In A Learning Pressure Cooker: Myanmar Style
From 24-25 January 2019, seven organizations making up the Myanmar CEA, came together to do some serious learning and strategizing. Hosted by the Embassy of the Kingdom of the Netherlands and facilitated by colleagues from the ICCO Netherlands office, the partners took two days to discuss the past year and to explore key opportunities for 2019.
What do you get when you put the Myanmar Civic Engagement Alliance members in a room together for two full days? Awkward silences? Hardly. Nervous glances toward the door? Not really. In-depth discussions and interactive exercises? Sure. Reflective analysis, strategic thinking, a bit of fun? Definitely!
From 24-25 January 2019, 7 organizations making up the Myanmar CEA came together to do some serious learning and strategizing. Graciously hosted by the Embassy of the Kingdom of the Netherlands and facilitated by colleagues from the ICCO Netherlands office, the partners took two days to discuss the past year and to explore key opportunities for 2019.

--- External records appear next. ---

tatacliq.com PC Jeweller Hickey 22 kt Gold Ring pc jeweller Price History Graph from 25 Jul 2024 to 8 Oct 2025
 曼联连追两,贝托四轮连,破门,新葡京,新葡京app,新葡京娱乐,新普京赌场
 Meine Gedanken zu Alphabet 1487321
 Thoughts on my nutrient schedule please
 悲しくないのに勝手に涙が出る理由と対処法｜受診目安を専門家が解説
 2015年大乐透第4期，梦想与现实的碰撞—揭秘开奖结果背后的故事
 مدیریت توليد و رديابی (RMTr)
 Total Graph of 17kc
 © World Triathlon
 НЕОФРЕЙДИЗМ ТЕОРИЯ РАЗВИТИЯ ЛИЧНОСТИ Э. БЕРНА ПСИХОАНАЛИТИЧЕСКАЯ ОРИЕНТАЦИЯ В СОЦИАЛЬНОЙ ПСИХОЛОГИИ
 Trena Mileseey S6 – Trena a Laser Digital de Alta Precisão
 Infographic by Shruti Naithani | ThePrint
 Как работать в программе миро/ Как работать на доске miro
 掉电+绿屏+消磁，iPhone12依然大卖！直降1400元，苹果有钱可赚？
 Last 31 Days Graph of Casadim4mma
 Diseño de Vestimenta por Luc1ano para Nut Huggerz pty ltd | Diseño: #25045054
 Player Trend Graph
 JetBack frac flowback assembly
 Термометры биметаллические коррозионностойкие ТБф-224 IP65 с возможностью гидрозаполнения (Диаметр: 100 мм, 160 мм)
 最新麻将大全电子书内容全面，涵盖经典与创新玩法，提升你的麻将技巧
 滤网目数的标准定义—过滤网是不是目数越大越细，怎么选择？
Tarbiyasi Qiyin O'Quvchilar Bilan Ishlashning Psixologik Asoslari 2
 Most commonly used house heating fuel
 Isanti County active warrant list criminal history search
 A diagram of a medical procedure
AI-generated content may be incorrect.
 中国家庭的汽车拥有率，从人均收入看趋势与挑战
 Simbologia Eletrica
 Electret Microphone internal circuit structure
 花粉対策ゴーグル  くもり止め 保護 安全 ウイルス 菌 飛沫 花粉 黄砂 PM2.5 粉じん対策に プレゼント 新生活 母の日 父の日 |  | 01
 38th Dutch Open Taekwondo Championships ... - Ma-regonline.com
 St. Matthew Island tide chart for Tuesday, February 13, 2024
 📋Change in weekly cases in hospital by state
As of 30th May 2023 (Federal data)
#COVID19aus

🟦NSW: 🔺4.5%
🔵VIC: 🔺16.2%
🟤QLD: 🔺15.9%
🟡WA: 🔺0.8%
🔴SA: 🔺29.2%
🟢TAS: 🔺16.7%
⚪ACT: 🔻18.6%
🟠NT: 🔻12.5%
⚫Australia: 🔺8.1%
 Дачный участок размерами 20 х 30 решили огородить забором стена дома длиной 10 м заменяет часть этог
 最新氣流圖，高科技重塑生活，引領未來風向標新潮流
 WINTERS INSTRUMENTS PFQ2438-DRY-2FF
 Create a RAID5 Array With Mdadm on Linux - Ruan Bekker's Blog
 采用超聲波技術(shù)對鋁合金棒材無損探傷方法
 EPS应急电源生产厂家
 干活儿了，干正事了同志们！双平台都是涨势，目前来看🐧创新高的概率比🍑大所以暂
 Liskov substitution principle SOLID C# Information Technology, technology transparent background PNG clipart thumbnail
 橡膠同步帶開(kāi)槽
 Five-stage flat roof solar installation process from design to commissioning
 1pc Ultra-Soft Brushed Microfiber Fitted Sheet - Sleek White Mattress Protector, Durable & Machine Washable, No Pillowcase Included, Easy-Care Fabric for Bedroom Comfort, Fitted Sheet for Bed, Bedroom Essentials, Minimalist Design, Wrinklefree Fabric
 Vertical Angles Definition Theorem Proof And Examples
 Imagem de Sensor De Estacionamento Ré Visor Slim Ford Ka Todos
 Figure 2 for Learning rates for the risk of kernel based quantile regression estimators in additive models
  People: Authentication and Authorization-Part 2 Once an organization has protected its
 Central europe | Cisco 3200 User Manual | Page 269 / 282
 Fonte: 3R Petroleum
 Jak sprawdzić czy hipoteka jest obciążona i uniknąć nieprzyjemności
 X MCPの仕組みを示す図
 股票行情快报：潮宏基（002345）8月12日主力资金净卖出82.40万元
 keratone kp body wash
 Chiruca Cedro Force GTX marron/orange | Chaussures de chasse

During the workshop, it quickly became clear that a lot has happened when it comes to engaging in lobby and advocacy for more inclusive and sustainable agricultural value chains and responsible (agri)business practices. We found out that our way of approaching this complex topic makes sense, but that we also need to incorporate new strategies and adapt to key challenges in context to reach more impact and more focus.
Here are some snippets of happenings that our partners made happen last year:
- The first ever Good Agricultural Practices (GAP) group certification for mungbean farmers was granted by the Myanmar Department of Agriculture in Magway Region. Acknowledgement of the efforts of these farmers to improve quality and quantity of mungbeans will be a first, essential step to fully participate in the global marketplace.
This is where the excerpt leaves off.